По крайней мере внутренне, душой, она отвлеклась от стены и решетки, вырвалась из тюремной камеры и перенеслась на волю, вспоминая полоску земли на язычески древнем, давным-давно закрытом кладбище вокруг сложенной из валунов церкви, что в древней части города, почти рядом с университетом. Самые могучие королевские деревья Берлина вздымаются там выше всех соборов над редкими могилами минувших столетий. И одну из могильных плит, нерушимый щит упокоения, оплаканный дождем и снегом, изуродованный, словно... словно лицо матери в последний час, она предназначила стать могильной плитой для брата. Теперь она решила просить Ома перевести ей одно место из Библии, которое она с большим трудом разобрала там: «Деяния, глава 5, стих 29», — тогда как имя усопшего уже нельзя было прочесть ни глазами, ни на ощупь.

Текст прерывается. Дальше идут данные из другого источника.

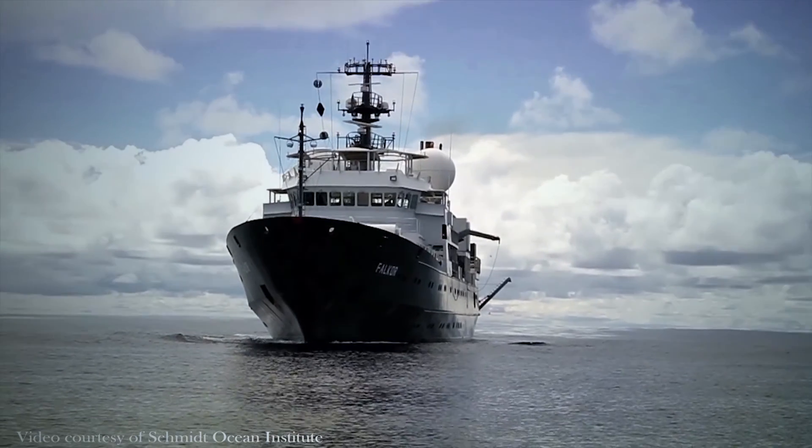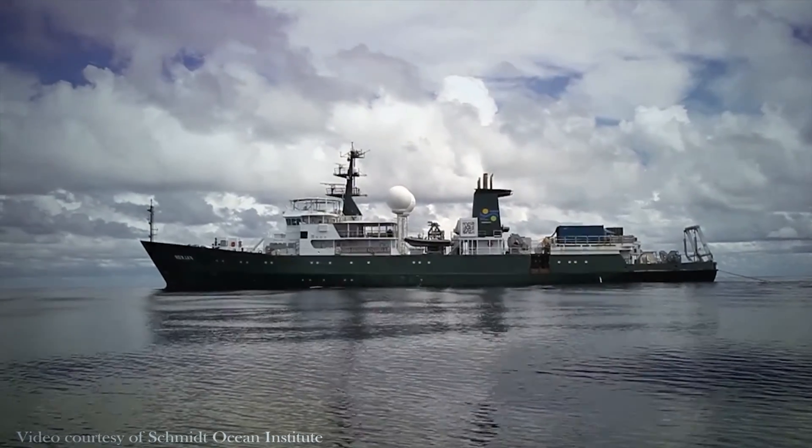We'll be on a ship that has really good internet capabilities, so you can log on to the internet and join us live as we do this exploration.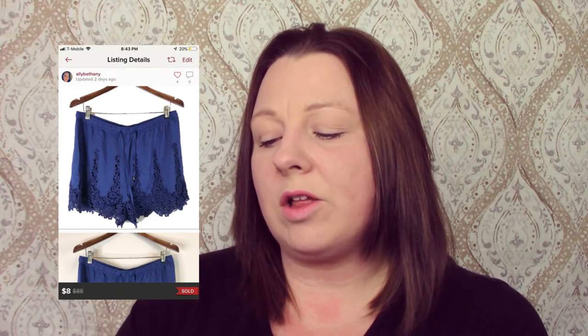That jacket could have gone for so much more, but it has just sat and sat. I had it up high, down low, all over. I finally got rid of it, and I'm happy for that. Anthropologie Eleven Seas Navy Blue Embroidered Shorts sold for $8.00, and I made $5.05.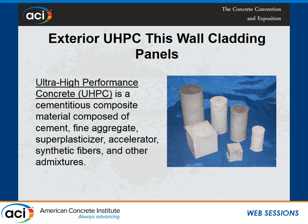The producer said it's a factory-fabricated ultra-high-performance thin wall cladding panels. They are mechanically attached to the wall framing with post-installed anchors and are for exterior use only. There is no conventional steel reinforcement and their maximum thickness is one inch. They are using ultra-high-performance concrete. This project started in 2014. We came up with this brief description: ultra-high-performance concrete is a cementitious composite material composed of cement, fine aggregate, superplasticizer, accelerator, synthetic fibers, and other admixtures.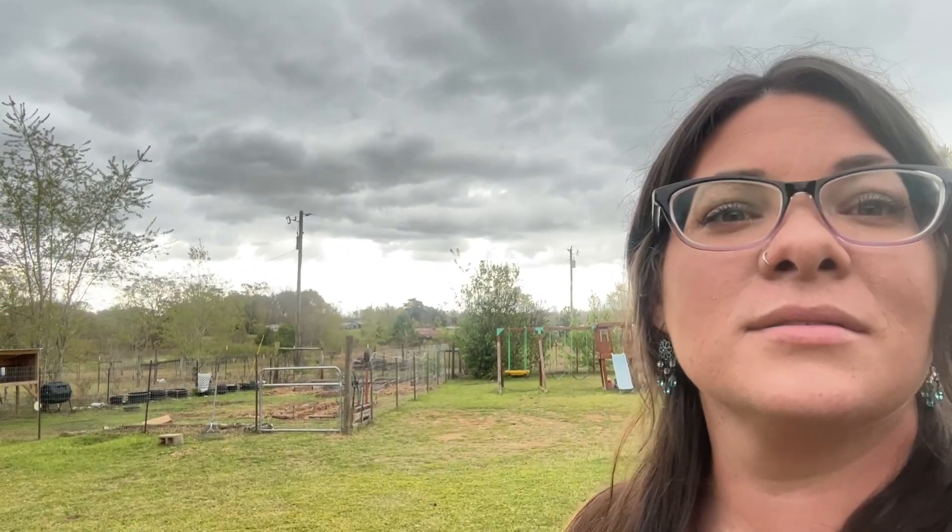It has been storming like crazy. Look at those clouds coming in. It's probably not picking up great on camera, but it's been pretty dark here. It's one of those where you go to one side of your yard and it's pitch black, and the other side looks sunny. That's kind of what's been going on today.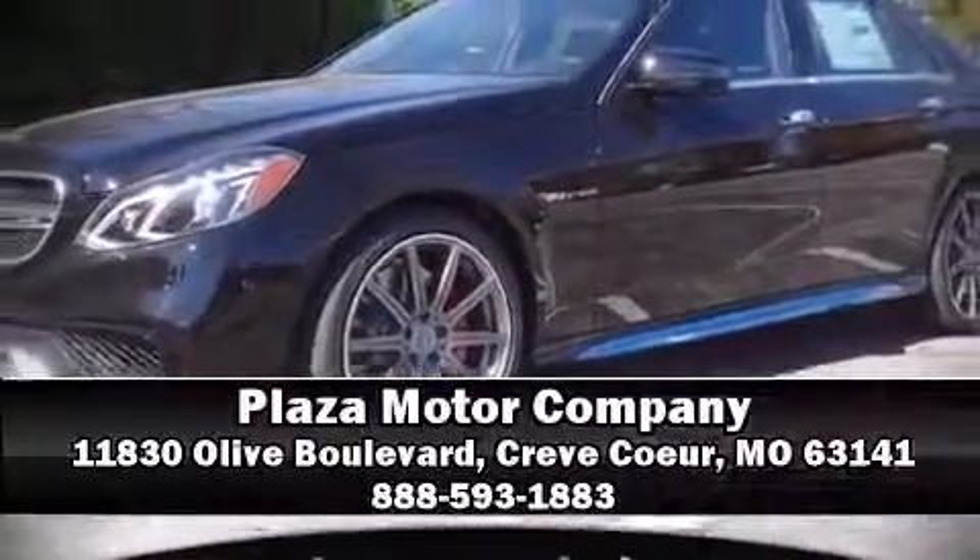Our sales reps are knowledgeable and professional. Please don't hesitate to give us a call.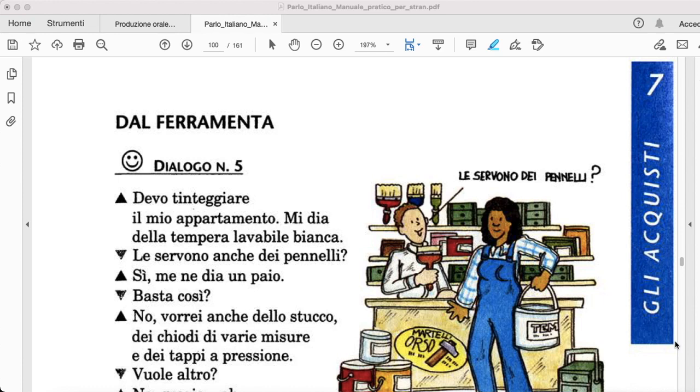Hello guys, welcome back to this new video. So today we are going to read some dialogues dal ferramenta.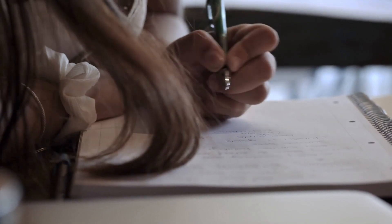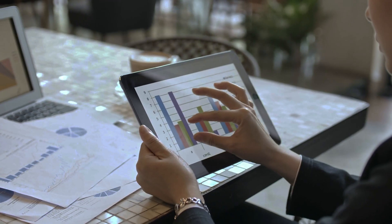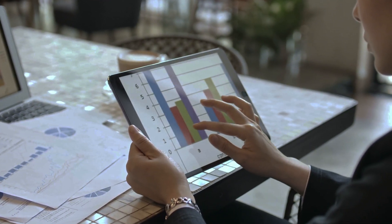The Associate of Applied Science degree program teaches you how to process and analyze data and information having to do with the patient's medical care. Courses include coding, legal and ethical issues, data analytics, quality management, and more.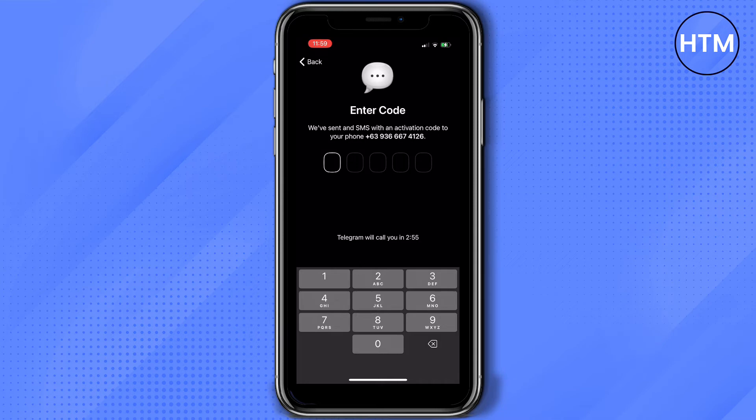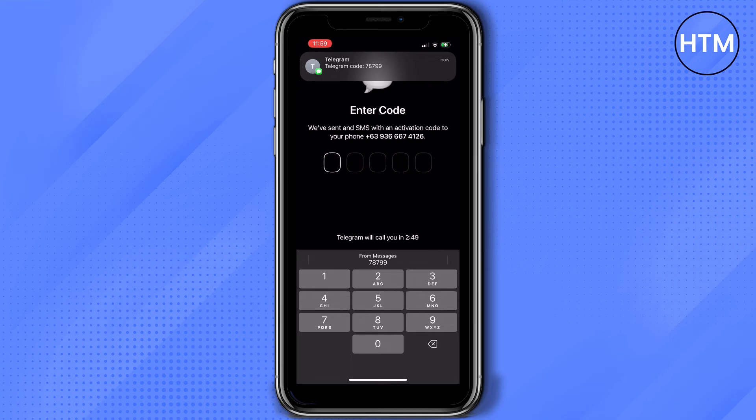The code will be sent to the phone number we entered, but the problem is — what if Telegram wasn't able to send us a code? As you can see here, it says Telegram will call you in a specific number of minutes. You just have to wait for that to finish, and then Telegram will give you the option to call you. Telegram will call the phone number you have registered.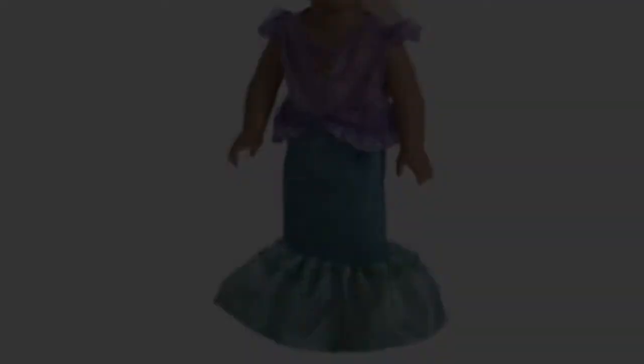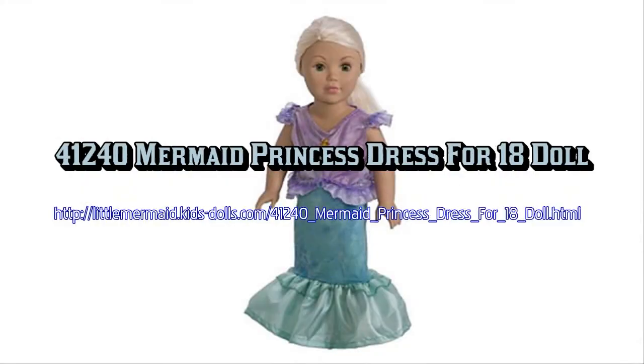The bodice is flesh-colored lycra with a purple sequin bra, and the skirt is stretch sequin with a china silk ruffle to complete the finish. This makes a great dress-up outfit for your child's best friend.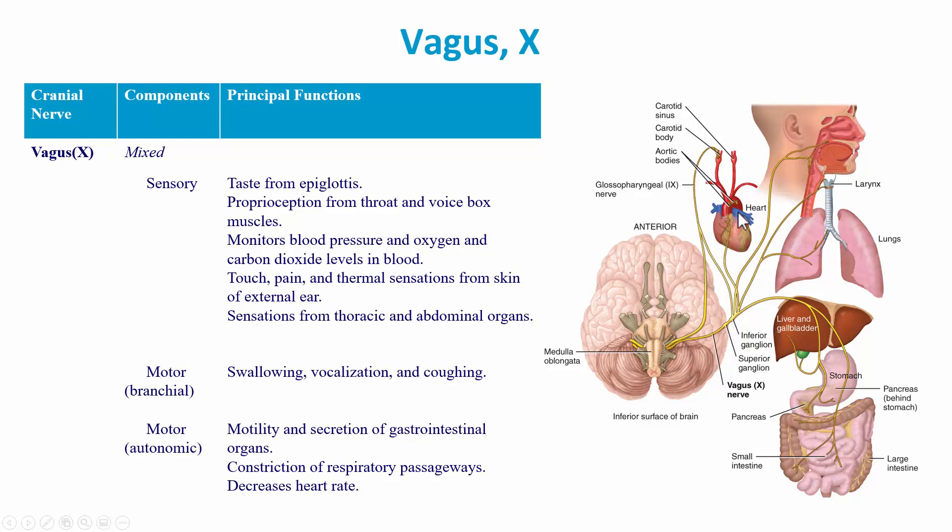With the stomach, the vagus promotes acid secretion. In the old days, before proton pump inhibitors for chronic GERD — gastroesophageal reflux disease — they would surgically clip some of the branches going to the stomach to reduce the amount of acid being made.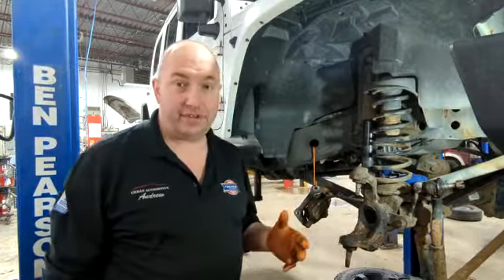First, initially, this is the track bar — it goes across the front of the axle, which helps keep the front axle in line with the vehicle. This thing had worn out ball joints in it, upper and lower. You can pry up on it and it had a fair bit of movement to it.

Сколько людей нашло там покой!
Из страха Анна выкопала не слишком глубокую яму. Большим ножом она аккуратно отделила толстый слой травы и мха, а ее настороженный взгляд всякий раз, когда она поднимала голову, падал на крыши горящих домов, словно в жерло печи. Весь Берлин с хаотической деловитостью спешил тушить пожары, и Анну увлек этот горячий водоворот, когда, сразу же после отбоя, она с ручной тележкой покинула двор университета. Об этом позднее и смогла вспомнить доносчица, соученица Анны. Фридрихштрассе, уже догорая, вздыбилась огненным смерчем к небу, будто полыхающее знамя опустошения. А тут, как мирный островок, отделенный морями от оргии яростного огня, лежало темное кладбище. Никто ей не мешал. Закрытая с улицы буйными кустами форзиций, а со спины — готическим склепом, она копала не спеша и бросала землю на брезент, которым до того было покрыто тело брата. Она даже не почувствовала напряжения, когда сняла тело с тележки и, приподняв еще раз, уложила в могилу. Но она избегала смотреть на искаженное лицо, потому что днем, когда она выбежала из анатомического театра, ее вырвало. Она покрыла брата своим плащом. От облегчения, а также и оттого, что именно теперь его надо засыпать навсегда, она разрыдалась — и потом она подумала, что ей уже не скрыться: ноги, юбка, руки были сплошь перепачканы влажной землей. Из последних сил она забросала могилу. Уж потом, когда, снова став на колени, она хотела положить дерн на прежнее место, ее осенила догадка, что после этой огненной ночи десятки тысяч жителей Берлина будут испачканы точно так же. И она решила не торопиться. Бережно убрала землю, остатком присыпала корни кустов и придавила мох руками. Прежде чем выйти с ручной тележкой на улицу, она огляделась по сторонам и подождала, пока мимо загрохочет грузовик, а метров через пятьсот она добралась до первого горящего дома; несколько поодаль двое из гитлерюгенда потребовали у нее пустую тележку, уложили туда чемоданы, корзинки, а сверху усадили бившуюся в истерике женщину, которую они вытащили из подвала в полной сохранности. Анне они обещали доставить тележку завтра к главным воротам Кладбища инвалидов, а лопату и брезент она забросила в дымящиеся развалины. Позднее она нашла кран, с которого пожарники только что отвинтили шланг, и вымыла руки, лицо и ноги. А позади нее уносили трупы. Она бросилась прочь от разрушенных улиц, желая укрыться у Бодо, охваченная мучительной жаждой жить, чтобы забыть эту жизнь.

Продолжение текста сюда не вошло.